Enter Billy Malone. Newly-unemployed Felicity Smoak had taken to sitting in her favorite coffee shop and working on startup ideas during the day in lieu of spending that time sitting underground in the dark. It was refreshing to be out in plain sight again, unafraid of being ambushed or kidnapped. Surrounding herself with people who were very much alive helped ward off the ghosts of Havenrock that she tended to wear around her like a suffocating blanket down there in the darkness.

  
The day her coffee order accidentally got switched with Billy's it was pouring buckets outside. Every table in the shop was occupied, so after some initial chit chat and a small laugh over the drink mix-up she'd offered to let him sit at her table to wait out the weather.

  
Billy turned out to be super normal. Neither of his parents had ever been murdered by super villains, he wasn't filthy rich, he had a regular job, and at the end of the day his hobby was putting his feet up and binge-watching Netflix. He held his temper, he laughed at her jokes, and he only had a passing interest in sports. As far as good boyfriends went, Billy checked all the boxes.

  
But the best thing he had going for him was that Felicity now had the excuse she needed to keep her hands off Oliver. She knew down to her toes that Oliver would never make a move on her; he had made it clear that she was the one calling the shots, and he had always been a model of self-control, sometimes maddeningly so. Therefore if she had a good reason not to approach him, even a secret one, it was a sure bet that there would never be a repeat of the salmon ladder incident and her poor heart could stay safe.

  
Curtis finally pronounced his work done and helped her roll over on the exam table. The tingling in her legs began almost immediately, and she cried a little with relief. Well, relief and fatigue and worry over Oliver's status in surgery. When she could swing her legs and wiggle her toes to his satisfaction Curtis helped her off the table, hovering over her like a mother hen until she convinced him that she was back to normal. She had to convince him if she wanted a chance to be at Oliver's side when he woke up.

  
She was still filthy and starving and beyond exhausted, but Lyla's pronouncement that Oliver would be fine propelled her down the hall with a need that far surpassed her own physical discomfort.
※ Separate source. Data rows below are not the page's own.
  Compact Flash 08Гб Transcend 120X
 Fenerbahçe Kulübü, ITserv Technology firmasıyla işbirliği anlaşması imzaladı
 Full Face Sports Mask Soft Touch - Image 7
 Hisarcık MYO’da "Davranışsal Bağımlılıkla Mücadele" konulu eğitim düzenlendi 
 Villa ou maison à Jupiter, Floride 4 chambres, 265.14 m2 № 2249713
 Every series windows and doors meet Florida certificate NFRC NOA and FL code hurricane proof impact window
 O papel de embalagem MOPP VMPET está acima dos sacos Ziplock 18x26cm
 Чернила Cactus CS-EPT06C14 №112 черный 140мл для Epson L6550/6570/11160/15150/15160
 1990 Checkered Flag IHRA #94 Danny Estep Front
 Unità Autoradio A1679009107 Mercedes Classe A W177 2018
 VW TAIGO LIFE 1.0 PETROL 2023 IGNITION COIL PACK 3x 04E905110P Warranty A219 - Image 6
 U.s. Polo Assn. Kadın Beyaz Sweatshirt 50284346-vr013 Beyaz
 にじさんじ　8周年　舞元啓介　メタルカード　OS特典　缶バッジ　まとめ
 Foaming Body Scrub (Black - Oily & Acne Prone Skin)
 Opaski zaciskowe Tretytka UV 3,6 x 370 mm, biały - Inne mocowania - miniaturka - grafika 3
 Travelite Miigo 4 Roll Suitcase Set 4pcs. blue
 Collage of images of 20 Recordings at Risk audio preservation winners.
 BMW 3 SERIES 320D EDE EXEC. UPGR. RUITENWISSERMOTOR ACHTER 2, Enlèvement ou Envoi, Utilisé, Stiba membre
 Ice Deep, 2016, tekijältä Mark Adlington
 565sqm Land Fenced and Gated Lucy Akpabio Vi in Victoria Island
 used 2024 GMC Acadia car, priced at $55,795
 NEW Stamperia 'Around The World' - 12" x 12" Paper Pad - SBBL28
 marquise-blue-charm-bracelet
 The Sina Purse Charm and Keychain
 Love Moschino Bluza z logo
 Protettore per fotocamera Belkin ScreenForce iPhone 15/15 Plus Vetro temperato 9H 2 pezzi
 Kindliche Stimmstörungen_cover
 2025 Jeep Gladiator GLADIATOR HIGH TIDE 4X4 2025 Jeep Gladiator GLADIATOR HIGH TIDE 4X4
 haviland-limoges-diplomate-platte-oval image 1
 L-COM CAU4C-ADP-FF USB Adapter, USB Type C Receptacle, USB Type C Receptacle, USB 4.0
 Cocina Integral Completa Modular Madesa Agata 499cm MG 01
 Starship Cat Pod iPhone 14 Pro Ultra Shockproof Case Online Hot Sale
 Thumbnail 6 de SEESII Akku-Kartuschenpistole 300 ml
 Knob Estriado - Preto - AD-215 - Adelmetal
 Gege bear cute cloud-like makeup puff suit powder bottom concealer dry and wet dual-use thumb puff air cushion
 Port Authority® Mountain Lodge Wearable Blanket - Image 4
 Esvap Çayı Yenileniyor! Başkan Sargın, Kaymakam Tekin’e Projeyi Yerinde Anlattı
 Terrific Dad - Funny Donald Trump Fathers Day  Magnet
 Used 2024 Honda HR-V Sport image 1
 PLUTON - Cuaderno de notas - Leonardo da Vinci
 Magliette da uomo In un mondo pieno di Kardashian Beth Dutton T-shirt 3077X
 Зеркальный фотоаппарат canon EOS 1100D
As she walked she let all her mistakes from the past few months wash over her.  
\--------------------------------------------  
She should have known she was in trouble when Curtis asked her what her plans were for her night off and she failed to mention that she had a date. Or that she had recently given that date a key to the loft. The guilt she felt over using Billy to get info out of the SCPD now that Quentin was off the force was compounded by the realization that he was utterly devoted to her, open and honest and sincere. The worst part was the tiny voice in the furthest depths of her soul that said "no" so very, very softly every time she tried to convince herself that she was happy.

  
Unable to reveal her secret or give up using Billy to shield her heart, Felicity began to fervently hope that she would be found out. The night Oliver landed on her balcony her heart dropped and soared at the same time. If he was there to force their talk to finally happen, maybe she could let go of this charade, put all the pieces back together, and set Billy free. But when Oliver told her he didn't care that she was seeing someone, her heart--the heart she'd been working so hard to protect all these months--broke a little under what felt like rejection.

Not long after, when it became clear that she would have to come clean to Billy about how she spent her nights, Felicity felt a thrill of anticipation under the dread; "at last", that tiny voice inside her said. But his instant forgiveness and understanding threw a bucket of cold water on her plans once again, and once again she chose to stay with him and do nothing.

  
Felicity's faith that she had all the time in the world to work all this out, that steadfast Oliver would wait for her forever, was shattered by Susan Williams. It was far from the first relationship Oliver had been in with Felicity as a bystander. She did not even feel animosity towards most of them: She'd never had to see him with Makenna, and her eventual love for Sara balanced out any jealously she'd felt. Laurel's love story with him had always been untouchable to her; too sacred to resent, and too doomed to failure to fear. (Helena she allowed herself to hate; that bitch had zip tied her under her own desk.) No need to even waste time thinking about Isabel.

  
But all those women represented BEFORE. Before his declaration of love to her for Slade's benefit, before the first date blown to hell, before Nanda Parbat and Ivy Town. Susan Williams was after. Any hope Felicity still had that she could fix this, restore her equilibrium and move forward with the man she loved, was dashed.

  
Which is where she was the night Oliver walked off the elevator and broken-heartedly confessed that Billy was dead. That he had killed her boyfriend. At that moment Felicity's tears were for Oliver's pain, and out of shame that Billy was dead, not because of Oliver or Prometheus, but because of her.

  
After that there was no point in hoping that Oliver and Susan wouldn't become a thing, because Felicity no longer deserved the love she wanted from him. So she turned the guilt and the shame and the rage into a desire for revenge so strong she swore her soul must be black.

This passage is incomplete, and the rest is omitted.